A giocare da titolare, semmai, è stata la lacuna di esperienza dei Murray. «Jamie è forte, ha talento e deve riuscire», diceva Andy anni fa, quando ancora si sbottonava parlando dell'anello debole della famiglia. «È che quelli della Lta lo hanno rovinato». Dietro quella frase, mai smentita (i Murray sono troppo influenti, i cattivi rapporti con Andy costarono in buona parte il posto all'ex capitano British John Lloyd (2) ) si cela una vicenda terminata come non avrebbe dovuto. Tra i migliori juniores della nazione, infatti, c'era proprio il Murray maggiore; messo sotto copertura dalla federazione britannica, se lo presero dalla Scozia e lo portarono a Cambridge in un centro federale. «Quell'esperienza gli ha fatto perdere un sacco di tempo e di terreno. È colpa loro». Vero è pure che il ranking Itf si calcola mescolando singolare e doppio, e già ai tempi Jamie era sensibilmente più forte nel secondo che nel primo.
 
Che quei sette mesi in casa Lta abbiano effettivamente rovinato Jamie è una tesi difficile da accettare, così, tout court. Così come è plausibile ritenere che Andy sarebbe diventato Andy Murray anche senza il periodo trascorso nell'accademia di Sanchez e Casal a Barcellona. Fu piuttosto quel campionato under 16 giocato ad Andorra che lo spinse a tornare a casa e a chiedere ai genitori di allenarsi in Spagna perché il suo esecutore in finale, un certo Nadal di Maiorca, «Sta in campo quattro ore e mezza al giorno sotto il sole. Io, se va bene, quattro ore alla settimana».
 
Visti da vicino, stessa divisa, stesso taglio a zero, Jamie incarna una sorta di gemello rinsecchito di Andy. Ha le spallucce dell'impiegato. È mancino, tocca la palla con grazia e un'incordatura dalla pittura indecifrabile: difficile che lo sponsor possa ricoprirlo di soldi per l'endorsement. Ma i due si vogliono bene, c'è armonia e lo si percepisce. Anche quando salgono le scalette della sala stampa passandosi battutacce sottovoce e coprendosi la bocca col badge: ecco, forse è Andy ad aver assunto il comando come il fratello maggiore. Il cui compito è quello di proteggere l'altro, di non farlo sentire il figlio incapace. Non fargli pesare la sua carriera da star, lui sul centrale contro Federer, Jamie sul campo 9 contro Kas e Peya, spettatori l'arbitro e due che non hanno il biglietto per sedersi altrove (3).
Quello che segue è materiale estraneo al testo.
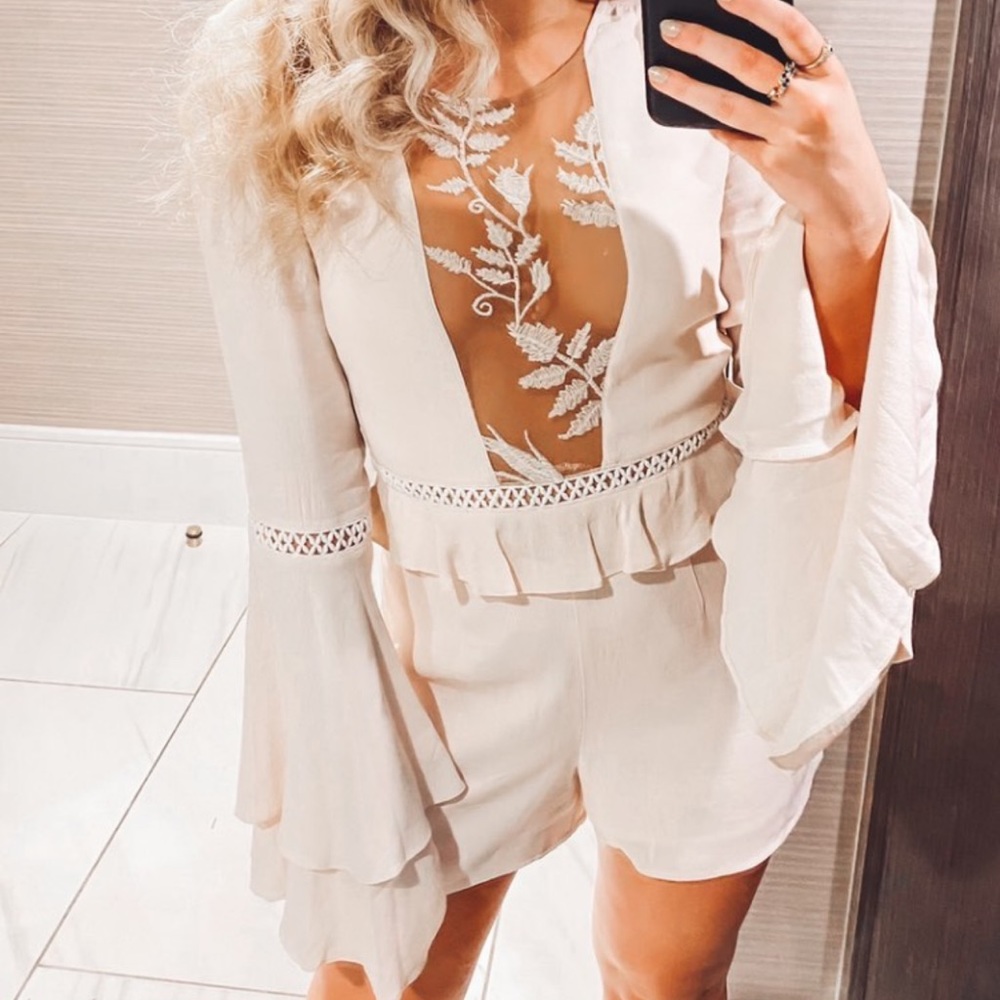 For love & lemons romper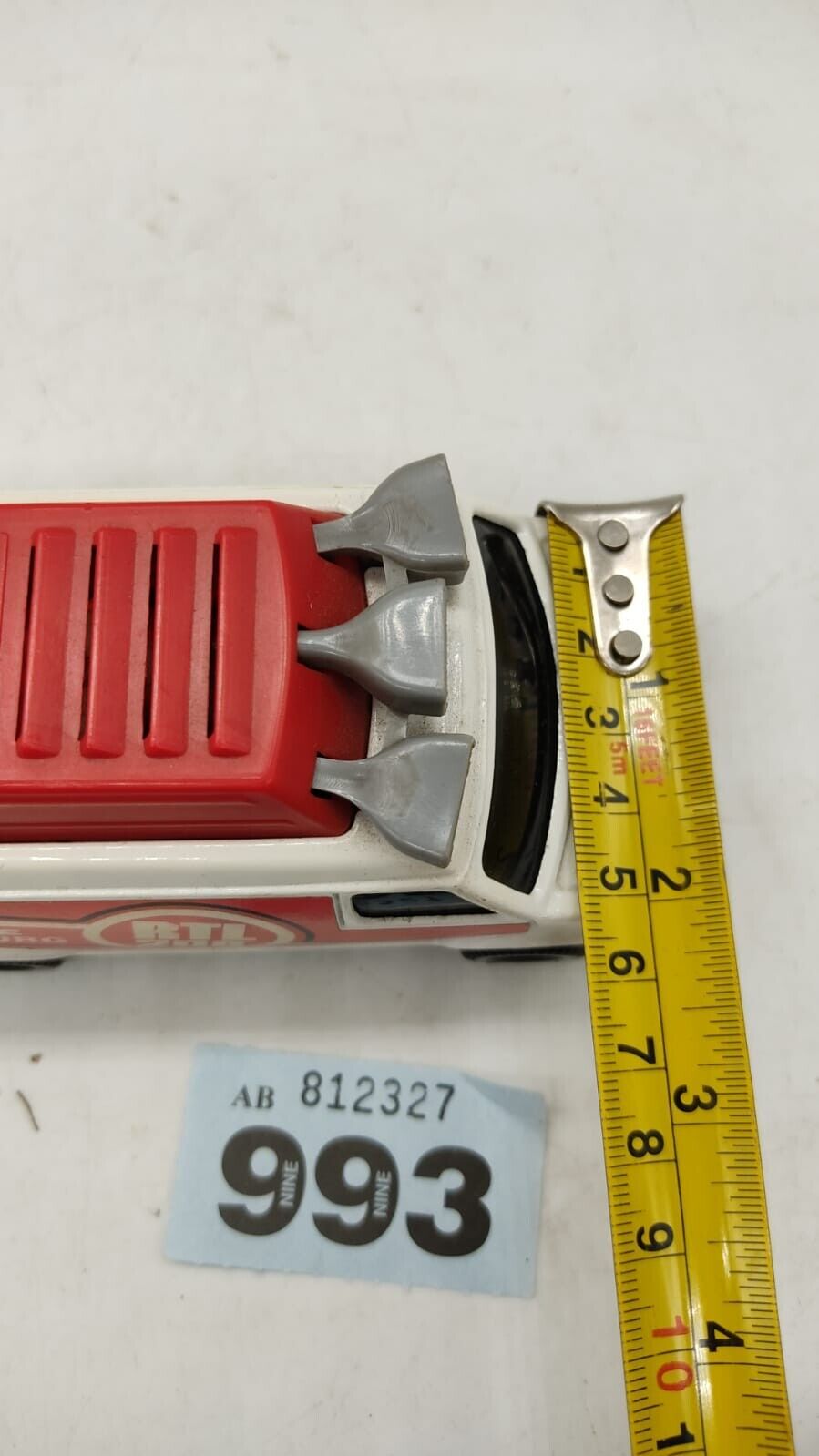 Corgi Radio Luxembourg RTL 208 Corgitronics Chevy Van Novelty Radio, Vintage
[1] Se ne era parlato qualche tempo fa, qui: http://www.tennisbest.com/wildcard/?p=804
[2] Che ha reso la sua 'vendetta' uno stillicidio: iniziò a dire che non fosse giusto svincolarsi dalla Davis (risposta di Murray: perché non te la prendi anche con Federer e Nadal  quando fanno la stessa cosa?), che l'atteggiamento di Murray in campo (2011, marzo) assomigliava a quello di chi sta per andare dal dentista. L'impressione dello scrivente è che dopo le sconfitte di Murray a Wimbledon («Deve succedere a Fred Perry, è maturo per farlo», disse JL lo scorso anno ai Championships, con un tono da imperativo categorico) e al Roland Garros l'ex capitano non si sia fatto prendere dalla disperazione. Anzi.